Gold futures closed at the highest price in four weeks as a weaker dollar bolstered demand for commodities. Silver, platinum and palladium also surged.
The greenback retreated for the second straight day against a basket of currencies amid signs that European leaders are taking more steps to stem the region’s debt woes. The MSCI All- Country World Index of equities rose as much as 1.6 percent, and the Standard & Poor’s GSCI Spot Index of 24 raw materials advanced as much as 1.5 percent, the fifth gain in six sessions.
“The dollar is selling off, benefiting gold and commodities,” Scott Gardner, the chief investment officer at Verdmont Capital SA in Panama, said in an e-mail. “Risky assets have been well bid in 2012 on the heels of relatively solid economic news in the U.S. and the belief that much of the bad news out of Europe has been priced in.”
Gold futures for February delivery advanced 1.5 percent to settle at $1,631.50 an ounce at 1:48 p.m. on the Comex in New York, the highest closing since Dec. 13. The precious metal rose as high as $1,61.40, the highest since Dec. 21.
China’s equities had the biggest three-session gain since October 2010 as slowing trade data boosted speculation that the government may loosen monetary policy to spur economic growth.
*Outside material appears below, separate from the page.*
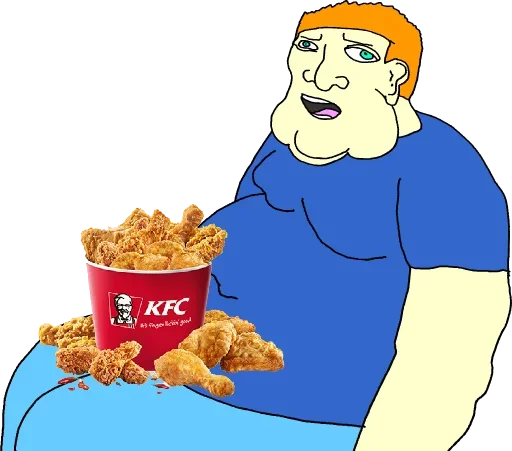 Стикер 🍔 из набора Wojac Chaos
The country is the world’s top user of industrial metals and the second-biggest gold buyer.
“The market is starting to sniff out additional easing measures by Chinese officials,” Gardner said.
The U.S. Mint already has sold 79,000 ounces of gold coins in January, topping total sales in December of 65,500 ounces.
“Physical investment and jewelry demand has been strong into price falls below $1,650, with Chinese buyers particularly active,” Nick Moore, an analyst at Royal Bank of Scotland Group Plc, said in a report. Demand from China “is likely to increase this month irrespective of price, in the run-up to the Chinese New Year.”
Physical demand in India, the biggest buyer, may also gain as the nation’s policy makers rein in inflation, boosting the rupee after a 16 percent slump last year.
The European Central Bank will likely keep its benchmark interest rate at a record low 1 percent on Jan. 12, according to 52 analyst estimates compiled by Bloomberg. The ECB cut the rate in December and stepped up efforts to boost liquidity as the region’s debt crisis threatened to engulf Italy and Spain.
“Even though the market expects no changes to the benchmark rate, some still anticipate the central bank embarking on further policy easing,” Andrey Kryuchenkov, an analyst at VTB Capital in London, said in a report. “Either way, we continue in an ultra-low currency yield environment which is gold beneficial, with little change in the near future for major central banks.”
Silver futures for March delivery climbed 3.6 percent to $29.815 an ounce on the Comex. Earlier, the price reached $30.31, the highest since Dec. 14.
Sales of American Eagle silver coins in January have already totaled 3.96 million ounces, more than the combined total in the previous two months. The metal is used to make jewelry and products such as solar panels, electronics and batteries.
South African Power
Platinum futures for April delivery rose 2.4 percent to $1,464.60 an ounce on the New York Mercantile Exchange. Earlier, the metal reached $1,475, the highest since Dec. 14.
Palladium futures for March delivery climbed 2.8 percent to $635.20 an ounce on the Nymex, rising the most since Dec. 30.
Platinum and palladium are used in jewelry and pollution- control devices in vehicles.
Eskom Holdings SOC Ltd., the utility that supplies about 95 percent of South Africa’s power, said yesterday that the risk of electricity outages increased after more generating plants were shut for maintenance.
South Africa is the biggest platinum producer and second- largest source of palladium.
“The country might be subject to a repeat of the 2008 power outages, which severely curtailed platinum production,” Marc Ground, an analyst at Standard Bank Plc, said in a report.
Russia is the top palladium producer.